**WHAT THE EXERCISE ASKS**
Using only the entries below, output the lines starting at the one containing "Postal History - Hillsdale" and ending at the one containing "Vector illustration of", exactly and inclusive of both, omitting the pictures.

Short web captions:
--

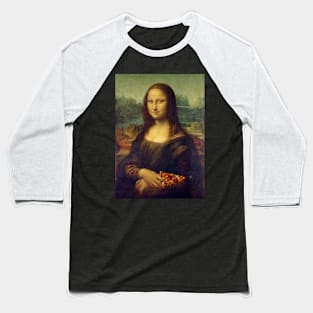 Mona Lisa holding a Piece of Pizza Baseball T-Shirt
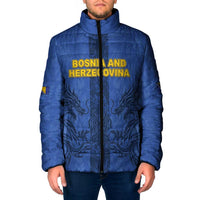 Custom Bosnia And Herzegovina Football Padded Jacket Zmajevi Rising Strong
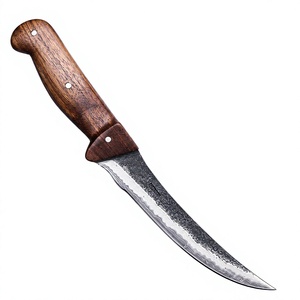 Couteau de cuisine et de désossage en acier Damas à haute teneur en carbone, manche en bois d'olivier, lame droite à pointe tombante, 1 pièce, DIY OEM - Product Image 1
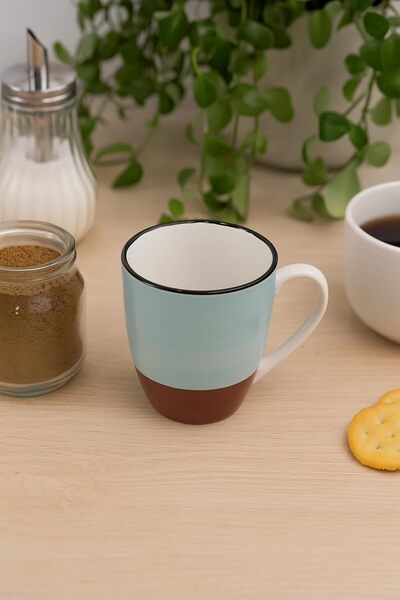 B&D Two-tone Ceramic Coffee Mug, Light Blue and Brown, White Handle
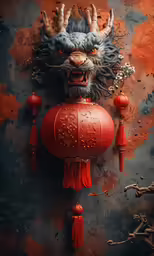 a picture of a creature with two chinese lamps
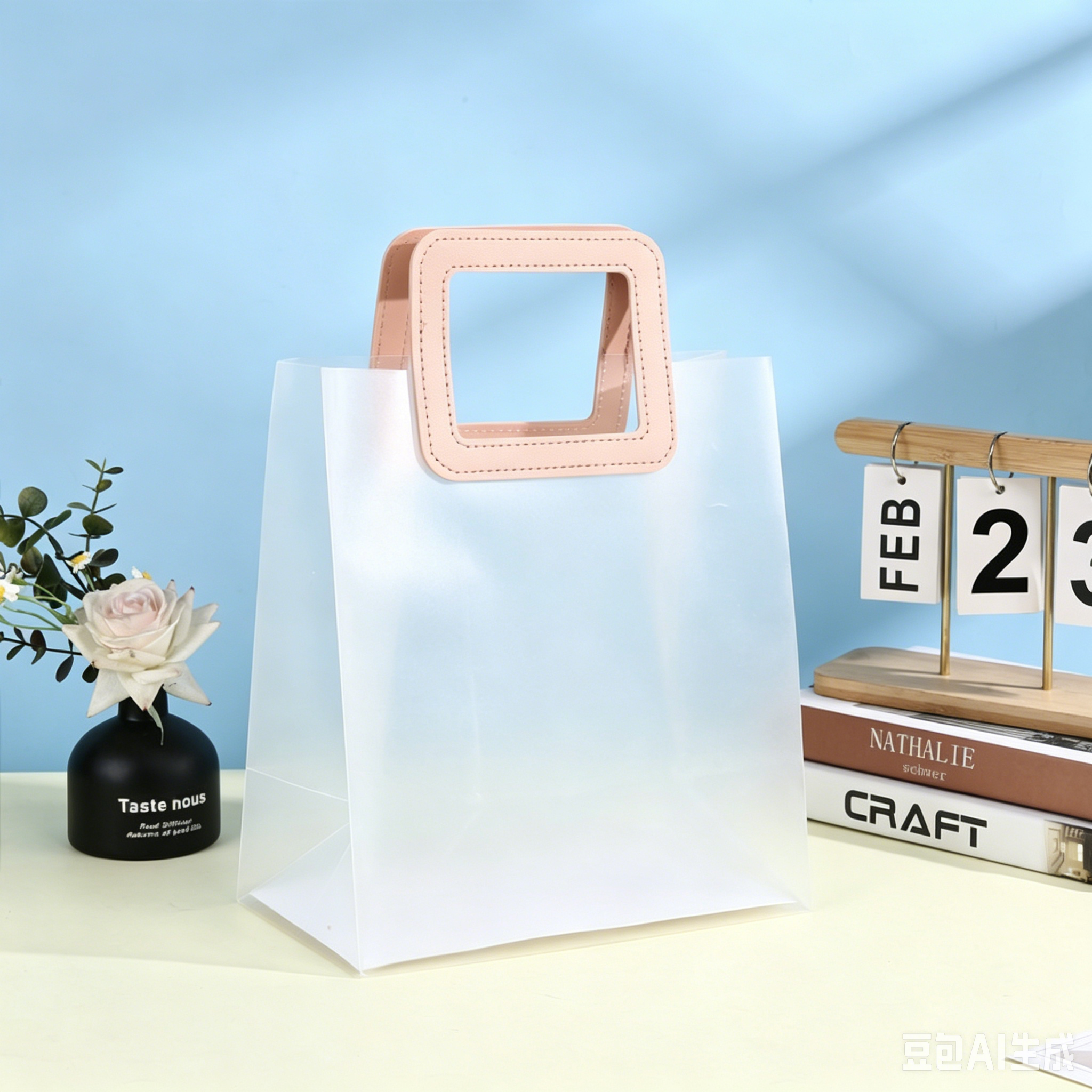 PP Frosted Transparent Handheld Gift Bag, Plastic Festival Souvenir Bag, Wedding Candy & Flower Tote Bag, Custom Logo Packaging Bag, In Stock Wholesale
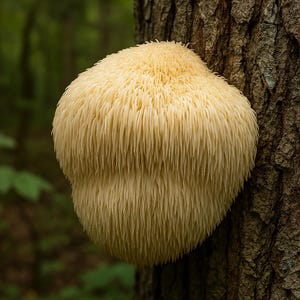 Op de afbeelding: Een close-up van een Lion's Mane-paddenstoel, cr&egrave;mewit van kleur, die op een boomstam groeit. De paddenstoel heeft een cascade-achtige, harige uitstraling. De achtergrond is wazig en toont groen gebladerte.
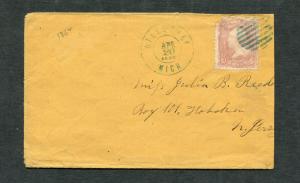 Postal History - Hillsdale MI 1864 Blue Double Ring Circul Grid #65 Cover B0225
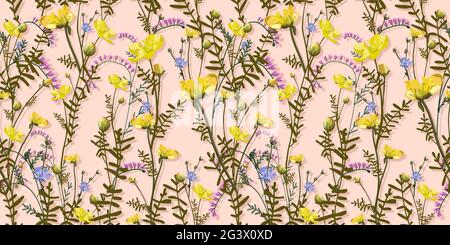 summer designs. Yellow wildflowers. Summer seamless pattern for fabric and textile design. Digital paper with pink flowers. Vintage pattern, great des Stock Vector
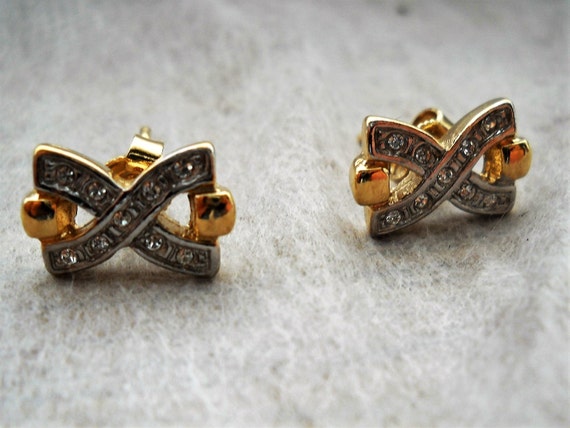 80s Austrian  Stud Earrings Gold tone with Rhines… - image 2
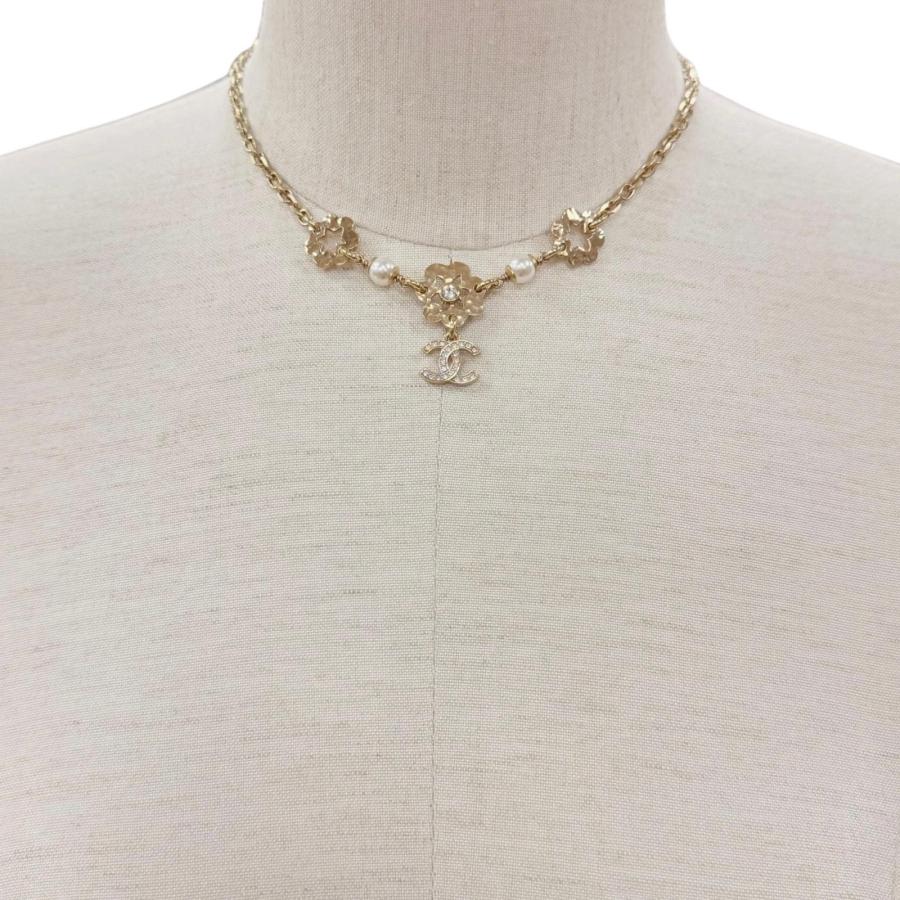 【極美品】CHANEL CCラインストーン付き　パールネックレス　ゴールド CHANEL（シャネル） 美品◇CHANEL I25C ABE965 ラインストーン パール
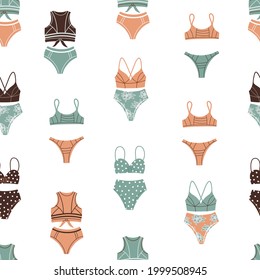 Vector illustration of vintage and modern bikini panties and bras forming seamless pattern for summer holiday concept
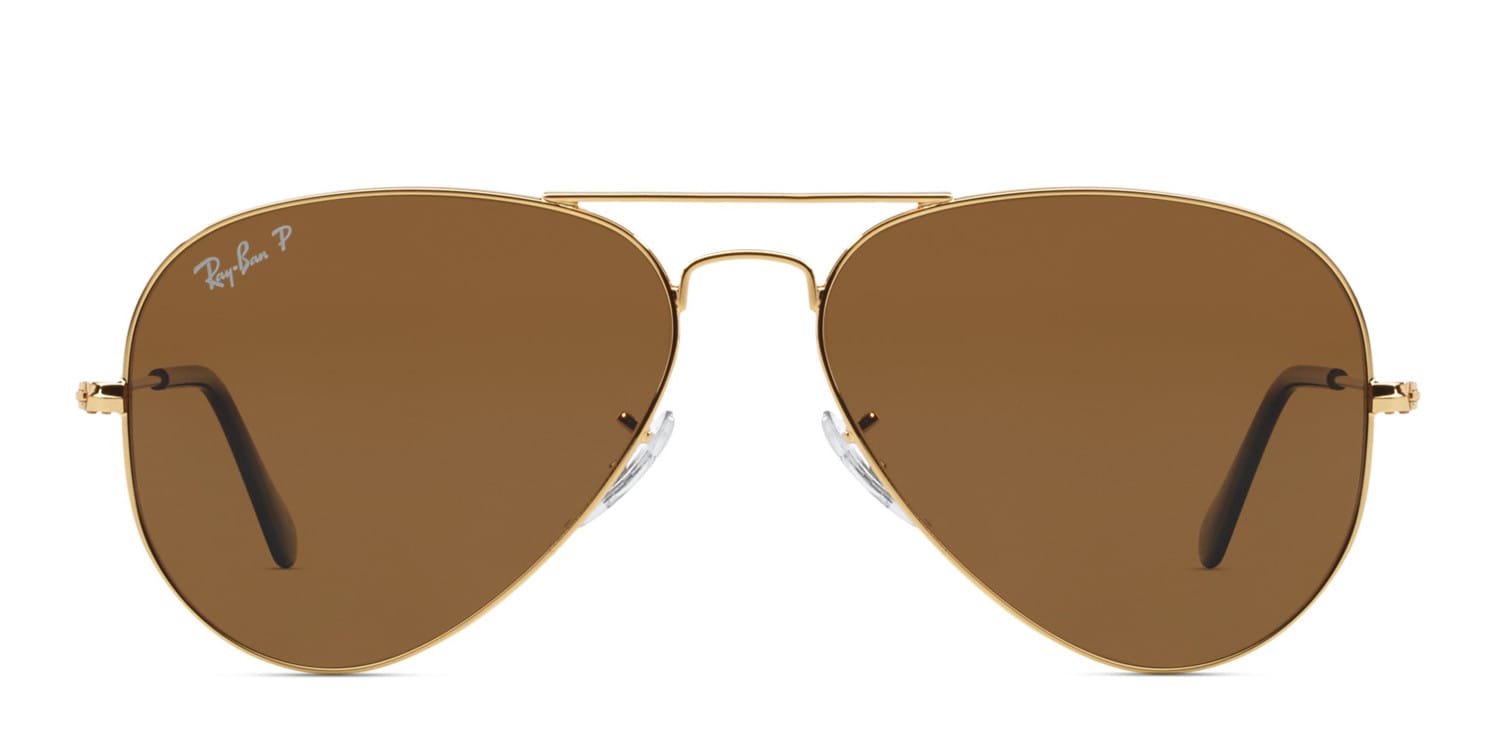 Ray-Ban RB3025 Aviator Large Metal Gold, Bronze, Brown, Clear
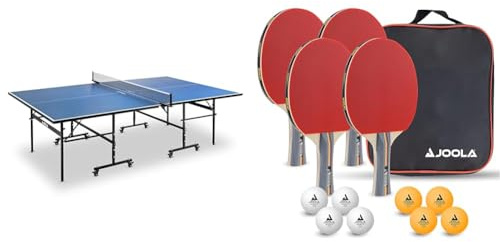 JOOLA Mesa de Ping-Pong Inside 13, Unisex-Adult, Mesa de Ping-Pong de Interior, Base Plegable - Montaje rápido - Red incluida, Azul, 274 x 152,5 x 76 cm & 54825 Set de Tenis, Multicolor, única (54825)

--

**ANSWER AREA**
 Postal History - Hillsdale MI 1864 Blue Double Ring Circul Grid #65 Cover B0225
 summer designs. Yellow wildflowers. Summer seamless pattern for fabric and textile design. Digital paper with pink flowers. Vintage pattern, great des Stock Vector
 80s Austrian  Stud Earrings Gold tone with Rhines… - image 2
 【極美品】CHANEL CCラインストーン付き　パールネックレス　ゴールド CHANEL（シャネル） 美品◇CHANEL I25C ABE965 ラインストーン パール
 Vector illustration of vintage and modern bikini panties and bras forming seamless pattern for summer holiday concept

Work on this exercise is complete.